Can you find an example of this for smaller values?

A small one I found is:
8^{n} + 7^{n} - 3^{n} - 2^{n}
is divisible by 10 for all n>0.

Source: Reader Jimmy Chng Gim Hong, from Singapore.

Solutions were received from
Frank Nestel, Radu-Florian Atanasiu (from Romania), Paul McMahon,
Ken Suprin, Radu Ionescu, Jimmy Chng Gim Hong, Sudipta Das,
Lou Cairoli, Philippe Fondanaiche, Joseph DeVincentis, John Hewson,
Brendan Owen,
and Ross Millikan. There were a variety of solutions. Here are a few.

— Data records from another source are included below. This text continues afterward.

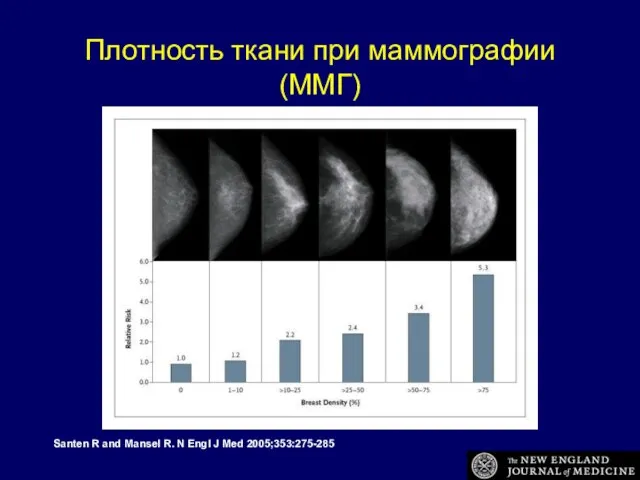 Плотность ткани при маммографии (ММГ) Santen R and Mansel R. N Engl J Med 2005;353:275-285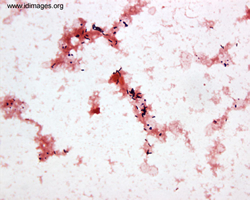 Listeria Images - Infectious Disease Images - eMicrobes ...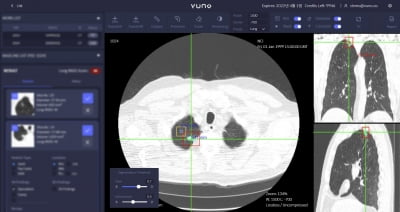 뷰노, AI 기반 의료영상 분석 기술 美 특허 등록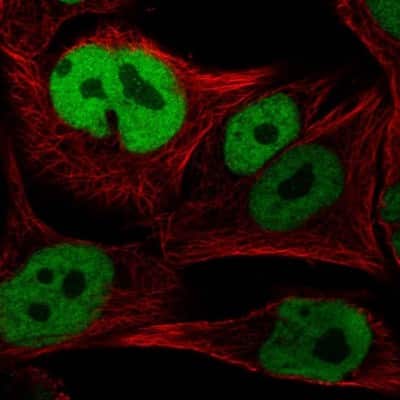 Immunocytochemistry/ Immunofluorescence: SOX10 Antibody [NBP2-57023]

A general statement from Radu Ionescu (without proof):

a^n -b^n + c^n - d^n is divisible by GCD((a-b),(c-d))* GCD((a-d),(c-b))
for all n>0.

Ross Millikan used the Chinese Remainder Theorem (without actually
mentioning it):

As 1897 is 7*271, we should consider this mod 7 and mod 271. 2903 is 5
mod 7, -803 is -5 mod 7, -464 is -2 mod 7, and 261 is +2 mod 7. So mod
7, we have
5^n - (5)^n - (2)^n + 2^n = 0. Similarly mod 271 we have -(78)^n +
10^n + 78^n - (10)^n.

Most people simply proved the sum was divisible by 271 and 7 using the
method similar to Radu-Florian Atanasiu:
Because 1897 = 271 * 7 and (271,7) = 1, it is enough to verify the
dividing of the expression E = 2903^n - 803^n - 464^n + 261 ^n by 271 and
then by 7. We will use the statement that for any n natural,
(a-b) | (a^n - b^n) , for any (a <>b).
Then:
E = (2903^n - 464^n) - (803^n - 261^n) = (2903 - 464)A - (803 - 261)B =
2439A - 542B = 271(9A - 2B);
E = (2903^n - 803^n) - (464^n - 261^n) = (2903 - 803)A - (464 - 261)B =
2100A - 203B = 7(300A - 29B).
And so our problem is solved.

Some smaller examples people found:
- 5^n + 4^n - 2^n - 1^n is divisible by 6.
- 7^n - 5^n - 4^n + 2^n is divisible by 6.
- 7^n + 6^n - 4^n - 3^n is divisible by 6.
- 8^n + 7^n - 2^n - 1^n is divisible by 6.
- 33^n - 26^n - 23^n + 16^n is divisible by 35.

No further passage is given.